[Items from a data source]
------------------------------------------------------------------------

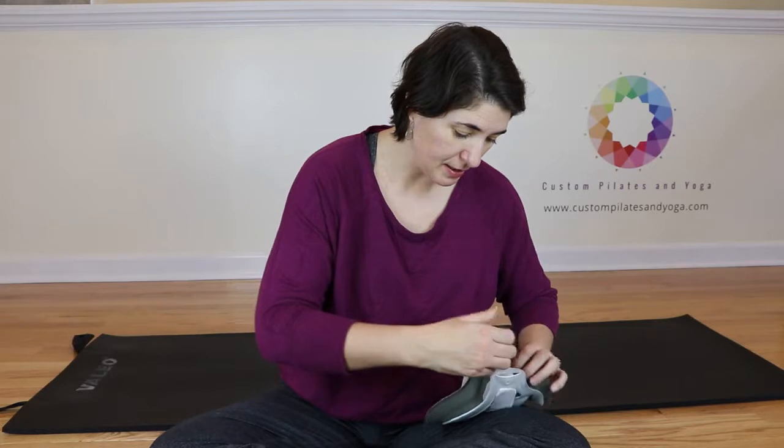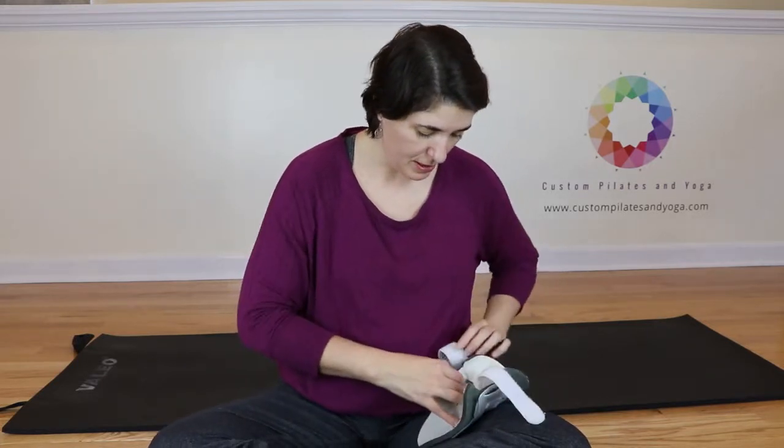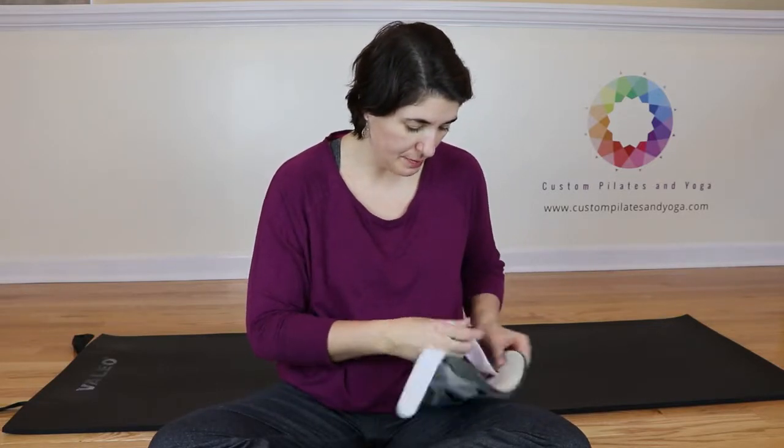You should pretty easily be able to loop your Velcro strap through on each side here because there's plenty of space.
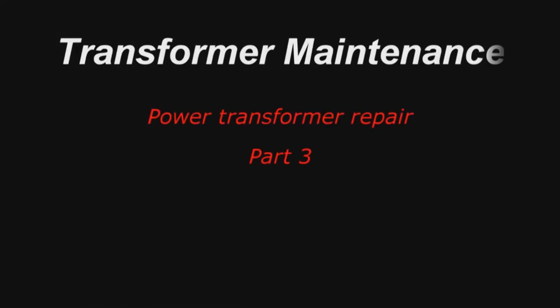This is the third part of the transformer maintenance series. You must watch the previous and next parts to gain the full knowledge.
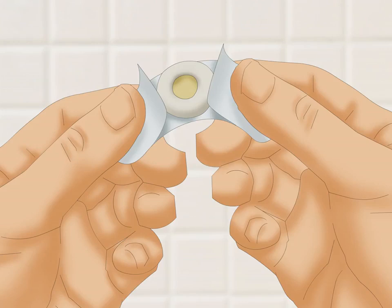Step 2: Remove the corn cap from the backing. Just like a band-aid, the adhesive section is pressed against a rubber backing that ensures nothing sticks to it before being applied. Discard the backing once it has been fully separated from the adhesive portion.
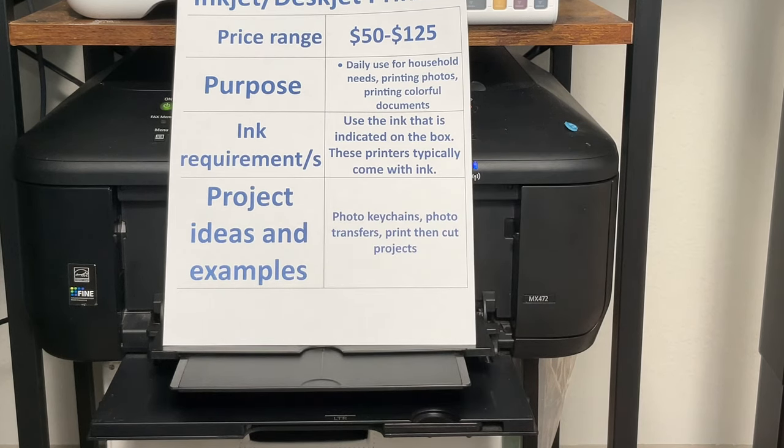Let's look at some project ideas and examples, because this is the printer I started with when I first got started on my crafting journey. If you are just getting started, you don't need an expensive printer. As a new Cricut owner or new crafter, I highly suggest you don't spend a lot of money on a printer. My printer costs right at about $50, and when it goes out, I'm not going to pay a lot of money for another inkjet printer.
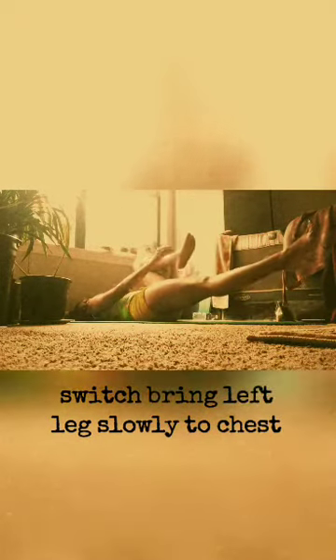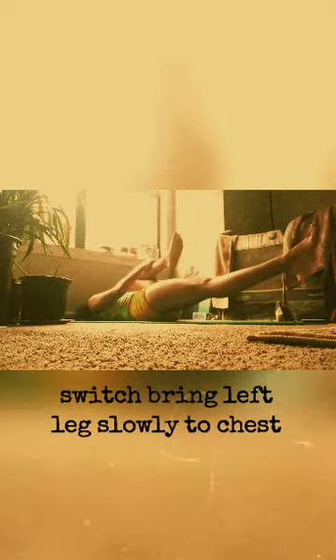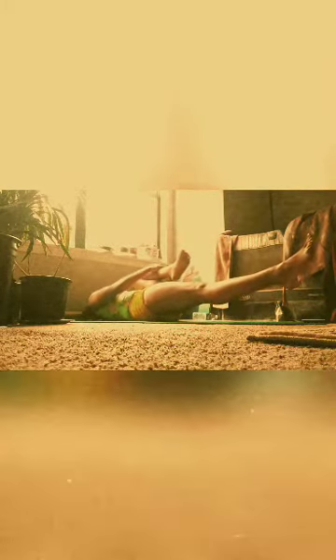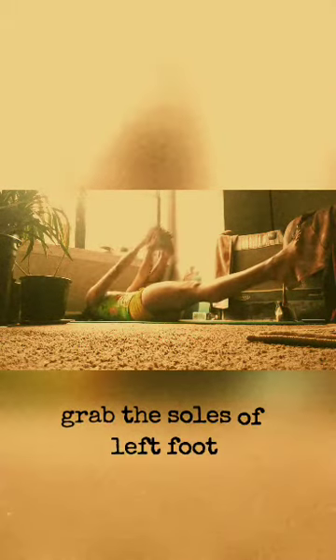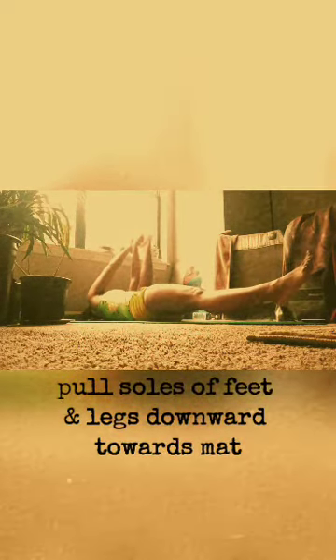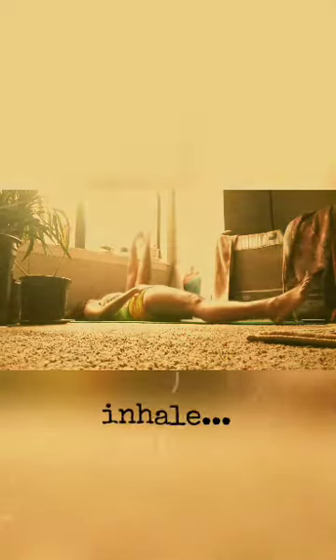Bring the left leg close to the chest and breathe. Inhale. Hold. Exhale. Grabbing the soles of the left foot. Point left knee towards the shoulders. Pulling the soles of the feet and the legs downward.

------------------------------------------------------------------------

[What you are asked to do]: Could you transcribe every entry exactly, leaving out the pictures?

[Task response]:
You should pretty easily be able to loop your Velcro strap through on each side here because there's plenty of space.
This is the third part of the transformer maintenance series. You must watch the previous and next parts to gain the full knowledge.
Step 2: Remove the corn cap from the backing. Just like a band-aid, the adhesive section is pressed against a rubber backing that ensures nothing sticks to it before being applied. Discard the backing once it has been fully separated from the adhesive portion.
Let's look at some project ideas and examples, because this is the printer I started with when I first got started on my crafting journey. If you are just getting started, you don't need an expensive printer. As a new Cricut owner or new crafter, I highly suggest you don't spend a lot of money on a printer. My printer costs right at about $50, and when it goes out, I'm not going to pay a lot of money for another inkjet printer.
Bring the left leg close to the chest and breathe. Inhale. Hold. Exhale. Grabbing the soles of the left foot. Point left knee towards the shoulders. Pulling the soles of the feet and the legs downward.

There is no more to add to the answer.